Lo que sí pienso es que «es imposible que no muera santo», por dos razones (lo digo para que las hagáis vuestras): Primera, porque si no, Dios va a quedar muy mal. No sería así si yo me hartara de decir: «Tenéis que hacer un esfuerzo y daos cuenta cómo yo me esfuerzo para ser mejor»; pero lo que estoy diciendo siempre es que «es Él que tiene que santificarme». Por eso, si no me santifica quiere decir una cosa, que no le ha dado la gana, lo cual no puede ser. ¿Habéis pensado cómo en la Biblia aparece como un motivo de esperanza siempre el que a Dios no le gusta quedar mal? (¡Qué le vamos a hacer, la virtud de la humildad, pues no la tiene! ¡Paciencia!).
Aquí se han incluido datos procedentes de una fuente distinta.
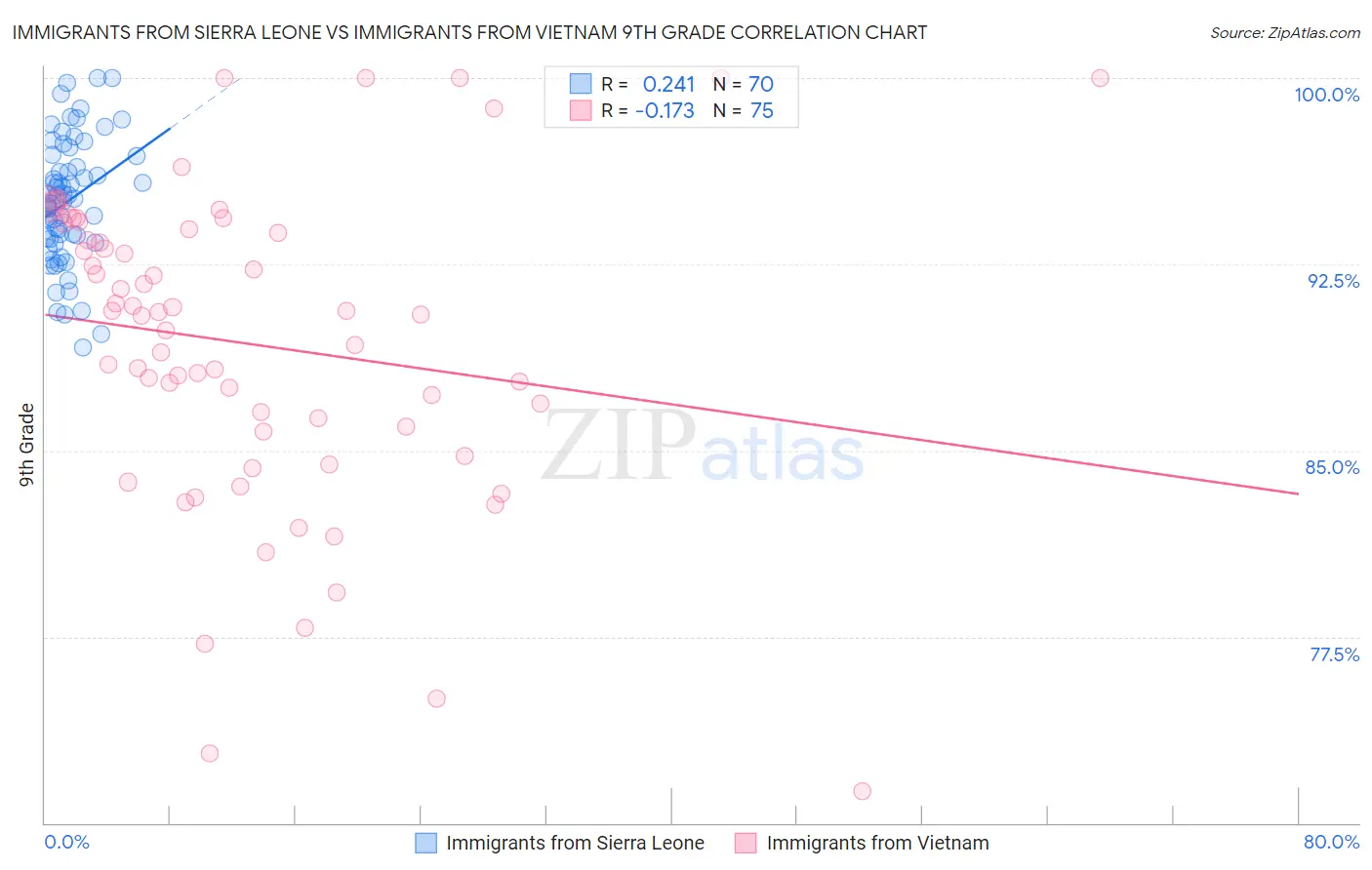 Immigrants from Sierra Leone vs Immigrants from Vietnam 9th Grade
Es que lo dice bien claro: “por el honor de mi Nombre” (Is 48,9); «si no fuera por mi nombre, te entregaba en manos de los enemigos, pero van a decir: pues ¿qué Dios es ése?». Y para convencer a Yahvé se usa ese argumento: «¿Qué van a decir los gentiles?, ¿que nos has sacado de Egipto engañados, para perdernos?». Y Dios, enseguida: «No, no, esto no puede ser, ¿cómo voy a permitir que los gentiles digan eso?» (cf. Éx 33,15). Y, ¡hala!, a intervenir milagrosamente para que los israelitas salgan del atolladero.
Pensad esto: por una parte, es imposible que si me doy cuenta de que es Él quien me santifica, aunque sienta lo que sienta, no pueda llegar a santo; y por otra, es absolutamente imposible que Dios me mantenga durante años un deseo de santidad –y voy a decir más– que me mantenga un deseo de santidad, teniendo la sensación de que no lo cumplo, para luego no cumplirlo Él, ¡eso es imposible! No es que voy a llegar yo, sino que me va a llevar Él.
Entonces, meditemos esta actitud de oración, con una visión del amor de Cristo, con una visión, por tanto, de mis pecados, que vuelven a invitarme a contemplar el amor de Jesucristo y con una fe en el amor que me tiene Dios. Recordemos la frase que me parece más radical de todo el Evangelio: “Nosotros somos los que hemos conocido y creído en el amor que Dios nos tiene” (1Jn 4,16), y que se manifiesta en Jesucristo, a quien conocemos por la comunicación del Espíritu Santo.
Después de eso, antes de entrar en Cuaresma, examinad un poco los modos de oración: ¿Cómo hago la oración mental?, ¿Cómo rezo el Breviario? Y ved: ¿hay algunos aspectos en que podría mejorar?, ¿hay algunos aspectos que me doy cuenta de que tengo energías y capacidad para mejorar? Esto sería el primer aspecto. Procurad ver: ¿cómo predicamos esto de la oración a la gente? Revisad un poco vuestra predicación; porque, por una parte, lo principal es que se trata del encargo que tenemos, y, por otra, de que, si lo predicamos bien, nuestra esperanza individual también va creciendo. Si estoy incitando a la gente a que tenga una experiencia verdadera de intimidad con Jesucristo en la oración, naturalmente, me estoy predicando a mí mismo. No es una cosa psicológica, sino de la fuerza de la Palabra de Dios que me está convirtiendo.